**Assignment:** In the records that follow, find each line with the word "like" and copy it.

(Data section begins)

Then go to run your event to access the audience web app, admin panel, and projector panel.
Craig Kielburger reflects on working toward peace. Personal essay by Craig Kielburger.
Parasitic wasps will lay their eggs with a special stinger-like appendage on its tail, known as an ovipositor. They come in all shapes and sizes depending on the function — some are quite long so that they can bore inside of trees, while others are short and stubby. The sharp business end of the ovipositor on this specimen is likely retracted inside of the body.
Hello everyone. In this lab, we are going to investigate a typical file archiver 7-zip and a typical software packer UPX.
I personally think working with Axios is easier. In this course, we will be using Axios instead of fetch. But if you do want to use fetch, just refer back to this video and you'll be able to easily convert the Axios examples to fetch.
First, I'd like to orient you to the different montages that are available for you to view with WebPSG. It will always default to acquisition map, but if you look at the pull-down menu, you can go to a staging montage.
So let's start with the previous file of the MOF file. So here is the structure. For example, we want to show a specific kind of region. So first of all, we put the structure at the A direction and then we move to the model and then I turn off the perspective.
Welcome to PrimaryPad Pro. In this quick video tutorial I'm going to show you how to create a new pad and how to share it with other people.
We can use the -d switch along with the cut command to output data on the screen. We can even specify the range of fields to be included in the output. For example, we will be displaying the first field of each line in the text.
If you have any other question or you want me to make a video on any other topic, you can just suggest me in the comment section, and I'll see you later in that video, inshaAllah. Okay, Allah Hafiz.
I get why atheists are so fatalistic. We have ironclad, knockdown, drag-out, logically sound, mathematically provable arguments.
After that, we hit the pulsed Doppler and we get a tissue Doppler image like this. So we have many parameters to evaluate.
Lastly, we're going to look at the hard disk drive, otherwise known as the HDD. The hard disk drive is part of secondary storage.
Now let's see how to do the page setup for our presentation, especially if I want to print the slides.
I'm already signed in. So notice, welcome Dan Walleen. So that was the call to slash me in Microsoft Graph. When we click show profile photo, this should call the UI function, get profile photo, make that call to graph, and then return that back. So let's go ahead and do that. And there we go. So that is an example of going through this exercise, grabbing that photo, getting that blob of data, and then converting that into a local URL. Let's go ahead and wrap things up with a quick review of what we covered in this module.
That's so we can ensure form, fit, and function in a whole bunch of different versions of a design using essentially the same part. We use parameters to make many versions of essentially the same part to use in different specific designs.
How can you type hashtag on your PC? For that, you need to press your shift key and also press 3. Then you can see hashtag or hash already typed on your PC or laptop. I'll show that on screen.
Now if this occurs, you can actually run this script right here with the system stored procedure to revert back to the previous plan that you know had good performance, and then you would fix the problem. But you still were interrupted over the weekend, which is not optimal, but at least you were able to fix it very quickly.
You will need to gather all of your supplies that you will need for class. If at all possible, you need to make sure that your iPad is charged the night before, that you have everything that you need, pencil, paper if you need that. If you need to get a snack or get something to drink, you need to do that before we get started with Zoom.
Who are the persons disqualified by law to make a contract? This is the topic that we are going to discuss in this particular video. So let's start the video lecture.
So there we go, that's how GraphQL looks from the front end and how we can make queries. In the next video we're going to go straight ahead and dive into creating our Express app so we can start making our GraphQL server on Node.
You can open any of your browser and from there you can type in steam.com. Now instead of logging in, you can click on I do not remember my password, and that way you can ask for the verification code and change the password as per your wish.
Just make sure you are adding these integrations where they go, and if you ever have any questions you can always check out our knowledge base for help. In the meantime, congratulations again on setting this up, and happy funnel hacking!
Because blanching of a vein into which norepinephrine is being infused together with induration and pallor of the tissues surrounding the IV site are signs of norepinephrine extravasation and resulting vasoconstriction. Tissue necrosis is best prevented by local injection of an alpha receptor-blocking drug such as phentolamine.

(Data section ends)

**Solution to this task:**
Parasitic wasps will lay their eggs with a special stinger-like appendage on its tail, known as an ovipositor. They come in all shapes and sizes depending on the function — some are quite long so that they can bore inside of trees, while others are short and stubby. The sharp business end of the ovipositor on this specimen is likely retracted inside of the body.
First, I'd like to orient you to the different montages that are available for you to view with WebPSG. It will always default to acquisition map, but if you look at the pull-down menu, you can go to a staging montage.
After that, we hit the pulsed Doppler and we get a tissue Doppler image like this. So we have many parameters to evaluate.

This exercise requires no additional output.